── Records for processing ──

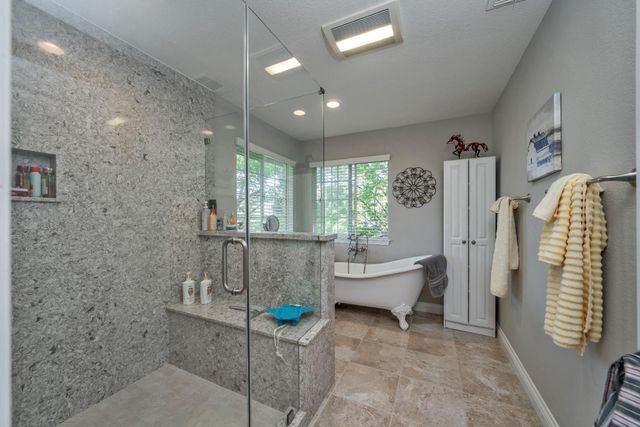 3182 Birmingham Way, El Dorado Hills, CA 95762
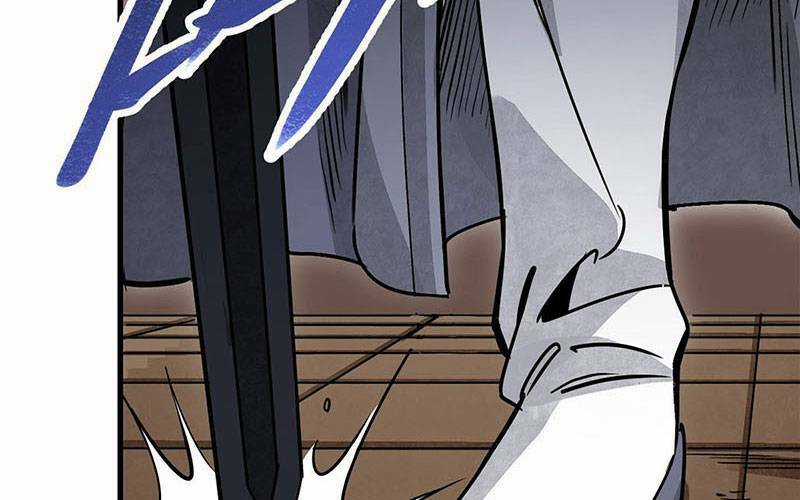 Địa Sát 72 Phép Thần Thông Chapter 39 trang 41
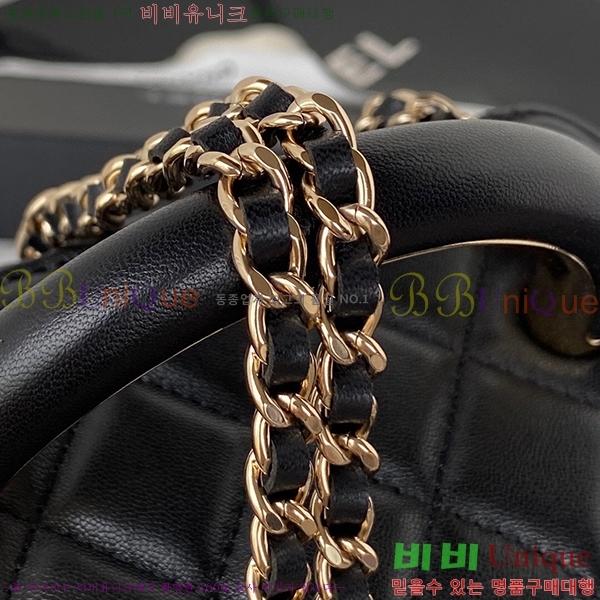 #���� ü�� �ڽ���ƽ ���̽� AP2846-533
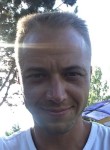 Artem, 39, Sokhumi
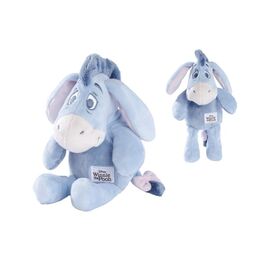 Disney Igor Eco 25 CM HQ (Winnie the Pooh)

───

Exercise prompt:
Please give an exact printout of all the records, pictures aside.

Answer to this task:
 3182 Birmingham Way, El Dorado Hills, CA 95762
 Địa Sát 72 Phép Thần Thông Chapter 39 trang 41
 #���� ü�� �ڽ���ƽ ���̽� AP2846-533
 Artem, 39, Sokhumi
 Disney Igor Eco 25 CM HQ (Winnie the Pooh)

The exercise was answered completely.